== Segment start ==
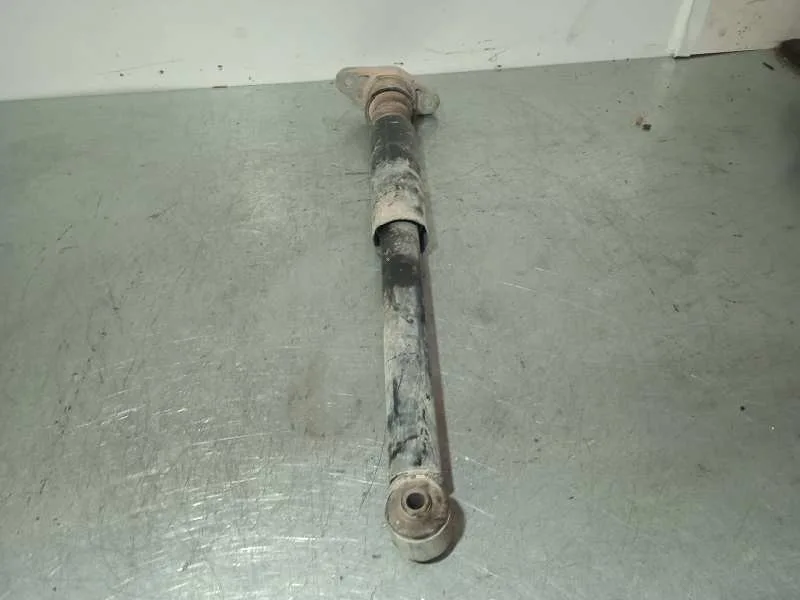 Amortiguador Trasero Derecho para Kia Carens ( )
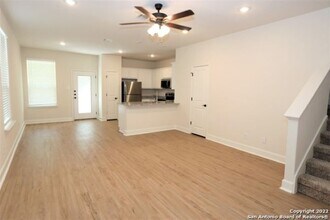 10310 Lynwood Branch in San Antonio, TX - Building Photo - Building Photo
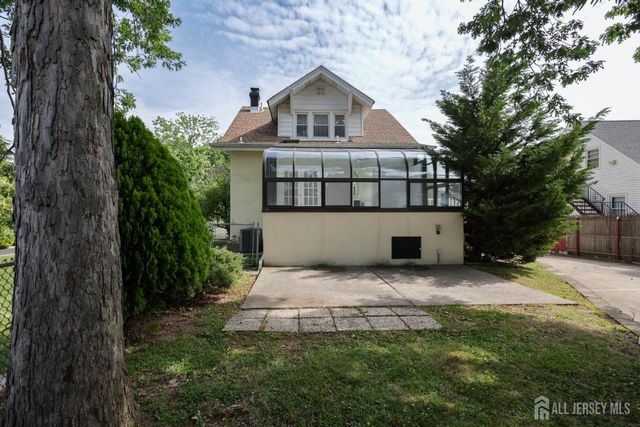 657 Amboy Avenue, Edison, NJ 08837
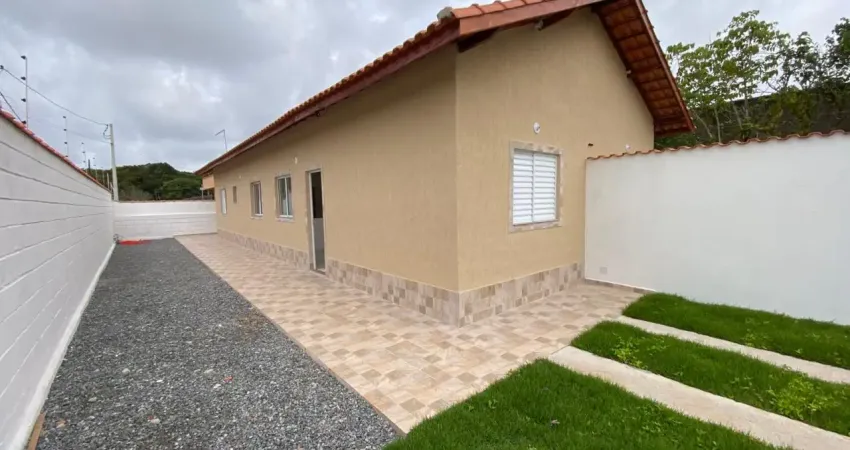 Casa no balneário tupy com espaço gourmet – pronta para financiar!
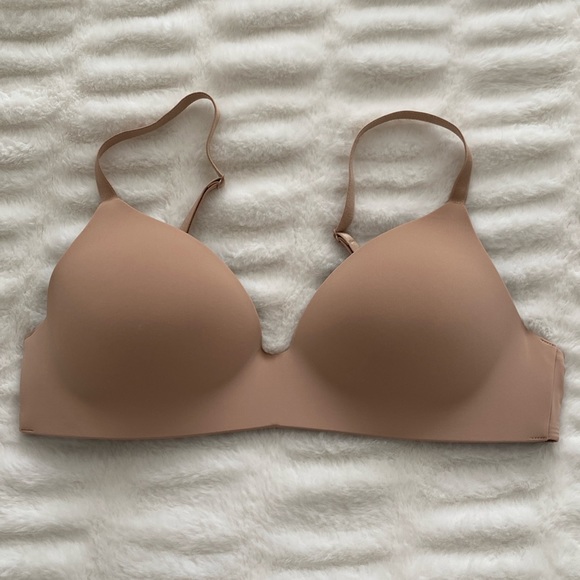 Victoria’s Secret t-shirt lightly lined wireless bra 32DD - Picture 1 of 6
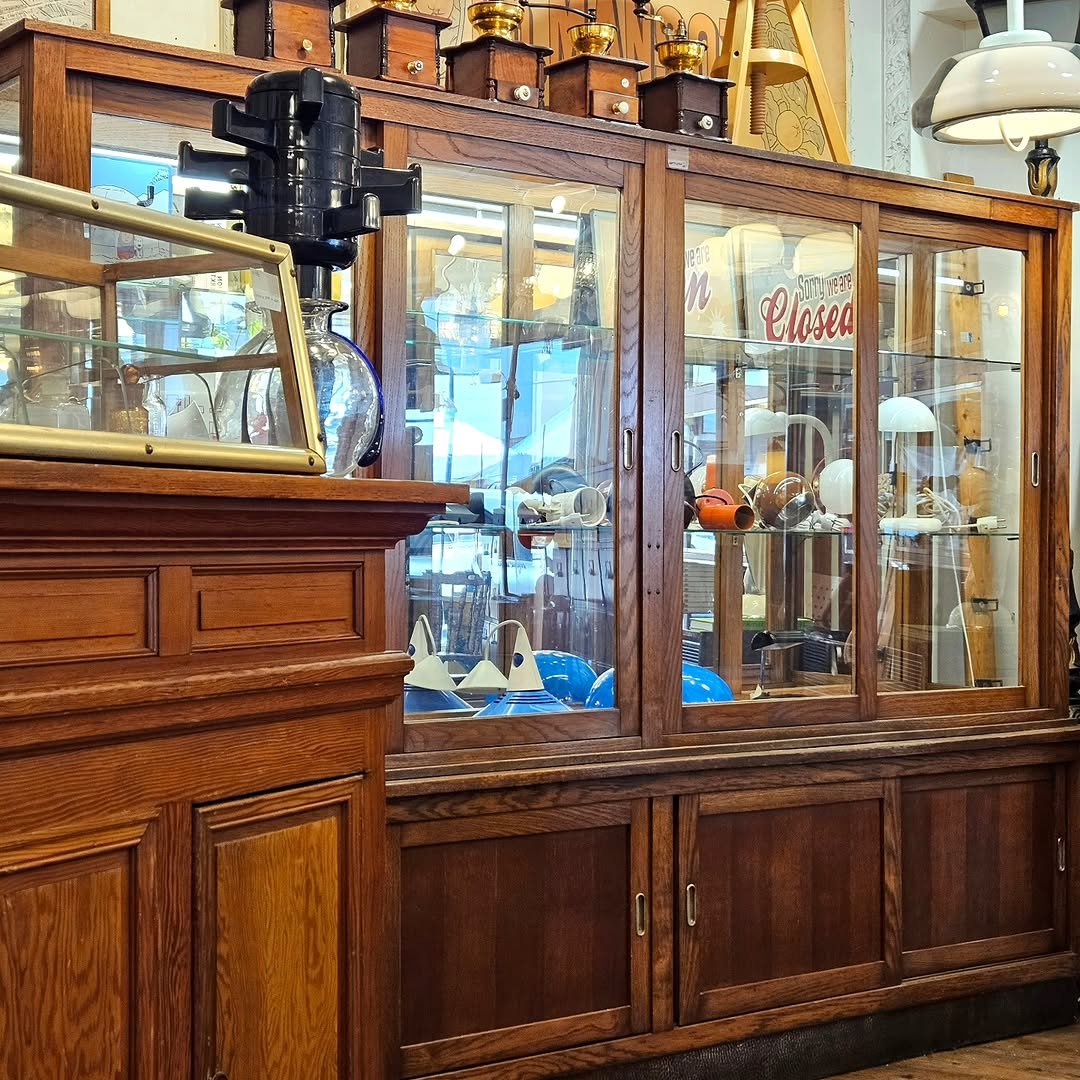 Photo by adel on November 06, 2025. May be an image of grandfather clock, display case, cabinet, armoire and text.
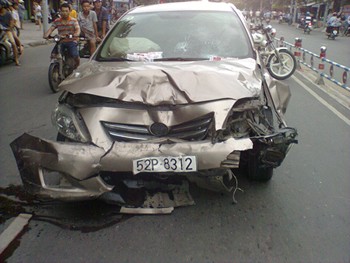 The smashed bumper of the speeding car that caused the accident (Photo: SGGP) The smashed bumper of the speeding car that caused the accident (Photo: SGGP)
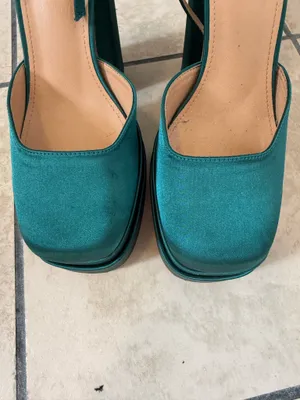 Satin Green Heels Size 10 thumbnail 3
== Segment end ==
INSTRUCTIONS TO FOLLOW:
When a picture appears among the entries, skip it; transcribe everything else exactly.

ANSWER TO THIS EXERCISE:
 Amortiguador Trasero Derecho para Kia Carens ( )
 10310 Lynwood Branch in San Antonio, TX - Building Photo - Building Photo
 657 Amboy Avenue, Edison, NJ 08837
 Casa no balneário tupy com espaço gourmet – pronta para financiar!
 Victoria’s Secret t-shirt lightly lined wireless bra 32DD - Picture 1 of 6
 Photo by adel on November 06, 2025. May be an image of grandfather clock, display case, cabinet, armoire and text.
 The smashed bumper of the speeding car that caused the accident (Photo: SGGP) The smashed bumper of the speeding car that caused the accident (Photo: SGGP)
 Satin Green Heels Size 10 thumbnail 3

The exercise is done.